Pretty much sums up this week’s chapters: one nice and easy read (if a bit sexy) and one chapter that is basically a string of onomatopoeia and hard-to-parse じいさん-speech
Kidding aside, I agree: it was a nice read again. I thought the ミサゴ chapter had a nice plot and I liked the underlying legend (a spirit who likes to play with children but scares them off because of her fangs). And the other chapter had some nice humor.
I had similar questions as @Phryne and will probably post a few more later.
One simple one first, though: what do you all think would be a good English translation for chapter 3’s title? Stripy rolly things?
Oh, that’s a good one. I hadn’t thought of interpreting it like that. I thought he was saying something about the crop being so large because he had applied fertiliser or something but that would have required a past tense somewhere, of course.

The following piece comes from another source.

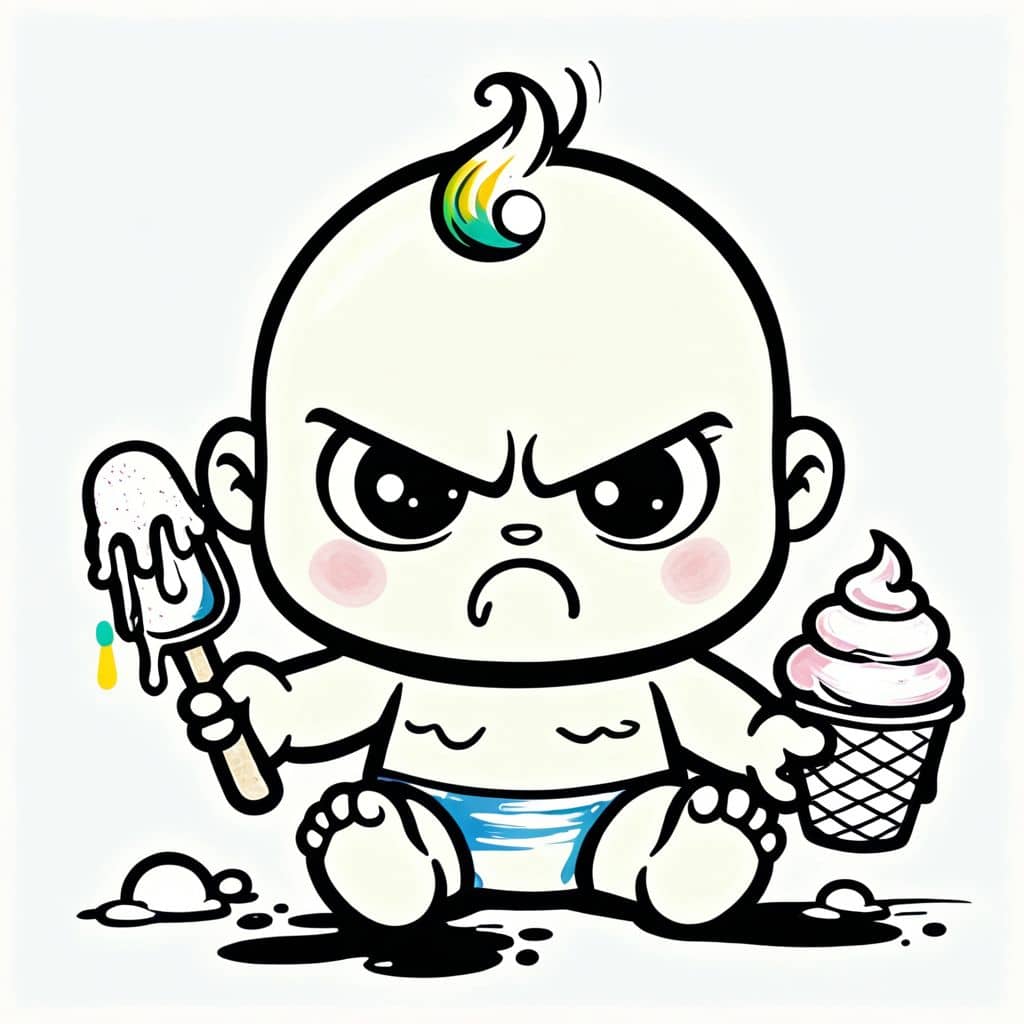 Colored Angry baby smearing ice cream.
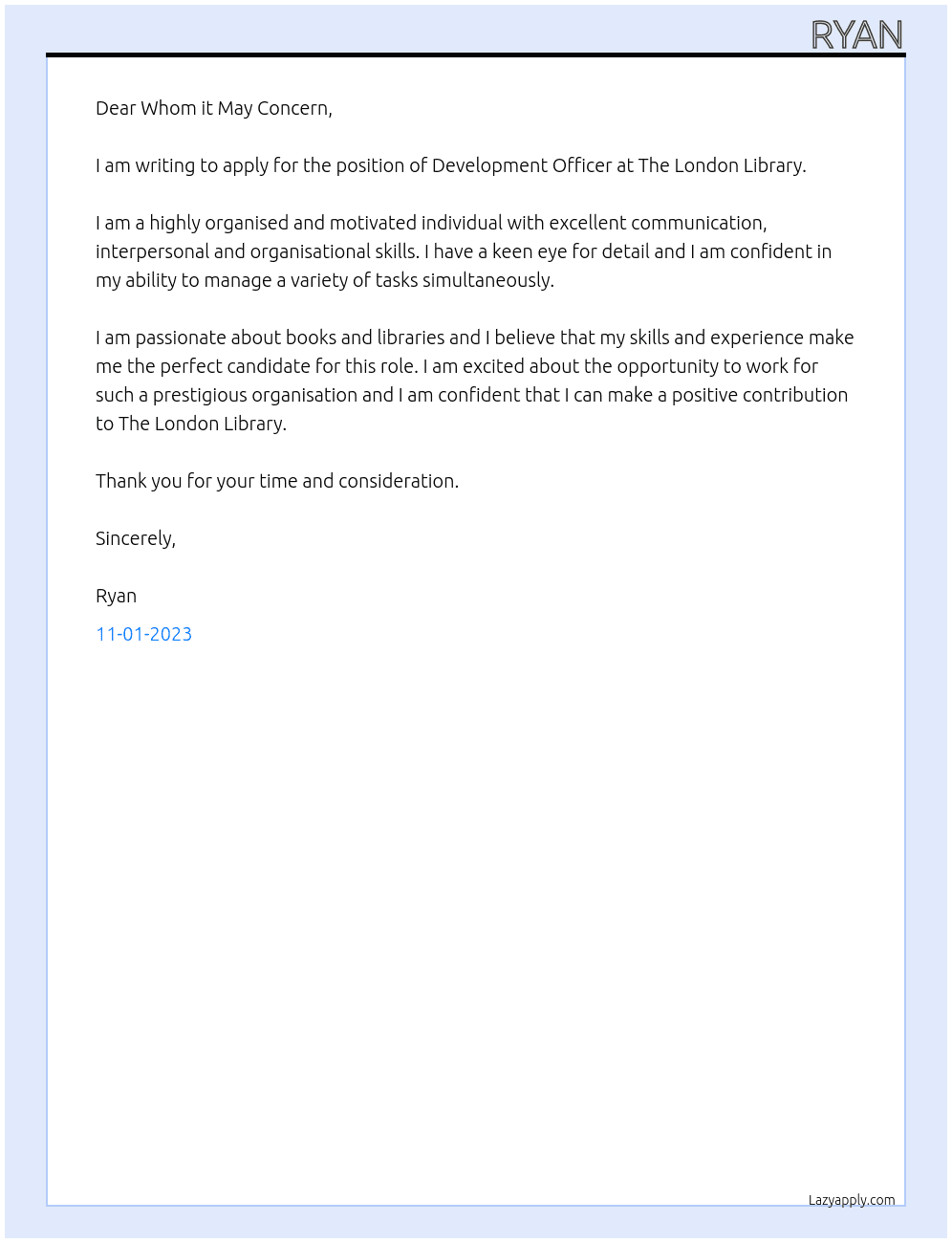 Development Officer At The London Library  Cover Letter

It’s a bit like a nickname. The boy’s name is Takahiro, and the 坊 here is boy like how you might see someone someone older refer to a boy they know as 坊や. So the old man’s referring to him affectionately in a way that emphasizes his youth. #5 on jisho, I’d say
She tried to develop a tolerance for animal-derived food with things like milk and eggs, but was unsuccessful… If the ぶったおれちゃって is literal perhaps she would always quickly be laid up with whatever the android equivalent of stomach pain would be, but I read it more as like she tried her best to 練習 but was quickly defeated nonetheless and had to give up.
I think you might see more later in the series about what kinds of ways certain human foodstuffs affect her…
There might be some nuance difference, like the っと version being once / shorter / more sudden compared to the repeating form. I feel like I’ve heard something like that before, but I’m not really sure.